Malam itu, di sebuah rumah tua di
pinggiran kota yang kini telah berubah menjadi kompleks mewah, beberapa orang
berkumpul diam-diam. Mereka bukan para jenderal, bukan pula pemimpin partai
besar. Mereka hanyalah sekelompok buruh, petani, dan guru desa yang merasa
tanah air ini telah dicuri bahkan sebelum merdeka benar-benar bermakna.
Di
atas meja kayu yang rapuh, peta disebar, surat kabar asing dilipat-lipat, dan
satu kalimat tertulis di tengah dinding dengan arang:
“Merdeka bukan untuk mereka yang duduk di istana, tapi
untuk mereka yang lapar di jalanan.”
Revolusi yang diceritakan dalam buku
sejarah sering kali tampak gagah — tentang bendera yang dikibarkan, tembakan
yang menyalak, dan seruan heroik dari para pemimpin.
Namun,
di balik semua itu ada wajah-wajah yang tak disebut: para perempuan yang
menyembunyikan surat perintah di dalam kain sarung bayi mereka, para tukang
becak yang menyelundupkan senjata di bawah tempat duduk, dan para pemuda yang
mati di jalan tanpa nama, hanya meninggalkan bau mesiu dan mimpi yang tak
sempat selesai.
Buku
sejarah menyebut mereka “rakyat,” seolah satu kata itu cukup untuk menampung
seluruh penderitaan dan pengorbanan.
Padahal,
merekalah yang menyalakan api dari bawah — api yang kemudian diklaim oleh
mereka yang duduk di atas.
Setelah merdeka, revolusi yang dulu
diperjuangkan berubah menjadi alat baru untuk kekuasaan.
Orang-orang yang dulu memimpin barisan rakyat kini duduk di kursi empuk,
membangun tembok tinggi, dan menulis ulang cerita agar nama mereka tampak
paling bersinar.
Sedangkan mereka yang dulu berdarah-darah di lapangan, satu per satu menghilang
— ada yang dibungkam, ada yang dipenjara, ada yang sekadar dilupakan.

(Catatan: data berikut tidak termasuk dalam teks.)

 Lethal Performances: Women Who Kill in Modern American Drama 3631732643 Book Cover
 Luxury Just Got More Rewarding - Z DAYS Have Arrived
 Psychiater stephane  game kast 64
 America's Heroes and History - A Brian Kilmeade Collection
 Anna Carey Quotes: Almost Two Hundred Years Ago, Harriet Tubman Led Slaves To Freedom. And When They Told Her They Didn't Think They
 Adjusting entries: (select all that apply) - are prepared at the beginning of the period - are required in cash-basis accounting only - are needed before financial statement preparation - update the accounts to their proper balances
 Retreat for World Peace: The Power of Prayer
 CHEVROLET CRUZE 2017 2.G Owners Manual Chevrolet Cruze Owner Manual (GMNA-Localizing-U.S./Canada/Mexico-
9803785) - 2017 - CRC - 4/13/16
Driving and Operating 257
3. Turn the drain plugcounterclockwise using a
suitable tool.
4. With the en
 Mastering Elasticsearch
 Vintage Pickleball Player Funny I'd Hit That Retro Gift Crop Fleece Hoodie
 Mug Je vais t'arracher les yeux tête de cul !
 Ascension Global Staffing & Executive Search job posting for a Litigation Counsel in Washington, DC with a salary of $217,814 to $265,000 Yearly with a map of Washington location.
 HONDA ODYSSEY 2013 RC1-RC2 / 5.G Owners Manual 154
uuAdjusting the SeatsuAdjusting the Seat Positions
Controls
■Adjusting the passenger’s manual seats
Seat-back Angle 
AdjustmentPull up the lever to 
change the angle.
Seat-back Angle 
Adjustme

Seorang kakek pernah berkata:
“Kami berjuang bukan untuk patung di
taman kota. Kami berjuang agar anak-anak bisa makan dengan tenang.”
Namun
kini, patung-patung itu berdiri megah, sementara anak-anaknya masih menunggu
keadilan yang tak kunjung datang.
Dan di situlah bayangan revolusi itu
hidup — bukan di buku pelajaran, bukan di peringatan hari nasional, tapi di
hati orang-orang kecil yang masih percaya bahwa kemerdekaan belum selesai.
Mereka
yang menolak tunduk pada kebohongan, yang memilih melawan meski tahu akan kalah,
yang berbisik di antara reruntuhan:
“Sejarah akan menulis ulang dirinya sendiri, suatu hari
nanti.”
Karena pada akhirnya, revolusi sejati
bukanlah tentang mengganti penguasa,
melainkan mengganti cara manusia memandang sesamanya. Dan selama masih ada yang
berani mempertanyakan kebenaran resmi, bayang-bayang itu akan tetap hidup —
menunggu saatnya keluar dari balik halaman yang kosong.